Yesterday we went to the grocery store, where I was acutely aware of the not so concealed attention from the twenty-something in the yogurt aisle who proceeded to knock over a row of little cups in her attempt to act natural. Typically, watching her try to reassemble the yogurt display would have made me giggle, but yesterday I felt like crawling into a hole. I asked Scott if I was receiving more stares than normal, because it felt like I was walking around with purple horns plastered on my forehead, but he promised that the attention has not increased.

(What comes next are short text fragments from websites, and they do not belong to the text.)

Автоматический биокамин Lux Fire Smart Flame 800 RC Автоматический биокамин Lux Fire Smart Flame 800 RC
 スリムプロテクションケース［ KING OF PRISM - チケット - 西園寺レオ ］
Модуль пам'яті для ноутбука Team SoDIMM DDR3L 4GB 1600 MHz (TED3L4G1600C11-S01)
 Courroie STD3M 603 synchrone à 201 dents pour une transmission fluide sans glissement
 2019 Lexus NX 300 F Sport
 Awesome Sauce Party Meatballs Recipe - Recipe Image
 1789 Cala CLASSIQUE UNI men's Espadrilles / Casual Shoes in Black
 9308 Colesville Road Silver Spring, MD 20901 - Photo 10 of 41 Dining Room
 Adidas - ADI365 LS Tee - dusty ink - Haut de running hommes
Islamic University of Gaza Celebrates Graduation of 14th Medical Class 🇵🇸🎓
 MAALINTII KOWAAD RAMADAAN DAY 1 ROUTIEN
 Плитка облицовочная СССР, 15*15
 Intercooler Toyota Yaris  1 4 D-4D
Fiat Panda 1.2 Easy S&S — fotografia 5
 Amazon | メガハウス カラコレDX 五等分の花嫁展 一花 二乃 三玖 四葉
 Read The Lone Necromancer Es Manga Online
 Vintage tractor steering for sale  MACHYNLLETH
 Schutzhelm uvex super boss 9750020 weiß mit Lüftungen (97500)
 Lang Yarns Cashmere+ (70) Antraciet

Obviously I can try to conceal my leg by wearing pants, but it is 95+ degrees out and I am not terribly keen on overheating and being uncomfortable. I will eventually adjust to the reactions my prosthesis receives, but it will probably take another few days. In the meantime, I'm going to hold my head high, but a big smile on my face and fake it. I'll pretend that I'm confident and comfortable, and eventually my feelings will follow suit. I continue to be amazed by the impact of a few short days of being in the majority.